Why he matters: Cherny was a speechwriter for Vice President Al Gore in the late 1990s and is a respected expert in the field, focusing on the financial side of net-zero and ESG commitments.
What in your view was the big story this week?
- The Supreme Court’s ruling in West Virginia v. EPA continues to be this week's big story for the sustainability community. It was yet another gut-punch to all who care about the climate crisis, and further validation to those inclined to succumb to despair.
What would you add to the narrative?
- In recent years, a growing group of innovators, entrepreneurs, activists, and citizens at large has decided we can no longer waste time waiting for Washington to act. That's not to say we don't need action, but the ice is melting faster than the federal government's indifference.

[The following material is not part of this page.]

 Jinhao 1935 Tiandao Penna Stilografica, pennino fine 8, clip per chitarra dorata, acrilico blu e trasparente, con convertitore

By contrast, what’s being under-reported or under-covered?
- What's often being ignored is that the single biggest and easiest step people can take to reduce their climate footprint is to divest from big banks and move their savings and deposits.
- A few weeks ago, a consortium of environmental nonprofits issued a report showing that the biggest companies' environmental efforts are swamped by the negative impact of their cash being used by major financial institutions to finance fossil fuel operations.

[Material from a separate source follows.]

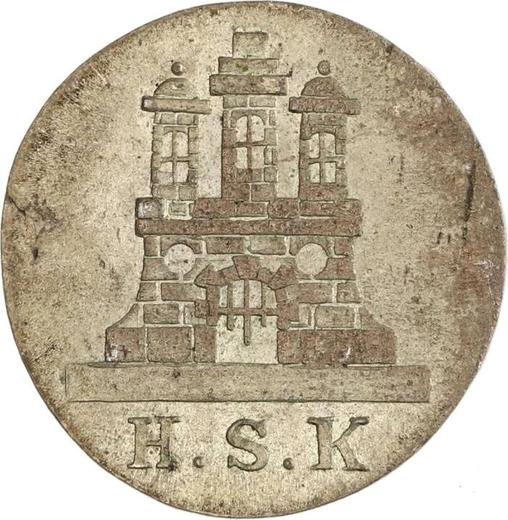 Аверс монеты - Сехслинг (6 пфеннигов) 1839 года H.S.K. - цена  монеты - Гамбург, Вольный город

- The same goes for individuals. For many of us, moving our deposits out of a big bank would have a bigger climate impact than switching our gas-powered car to an electric vehicle.
In three words, what one change would you make to accelerate investment in climate tech?
- Zero to one. We need to make the largest, fastest shift in human behavior in history. That presents a massive opportunity for companies and investors to power that transformation. I sometimes liken it to the early days of the internet, when we went from a few dot-coms separate and apart from the "real" economy to a four- or five-year period where seemingly every company raced to get online.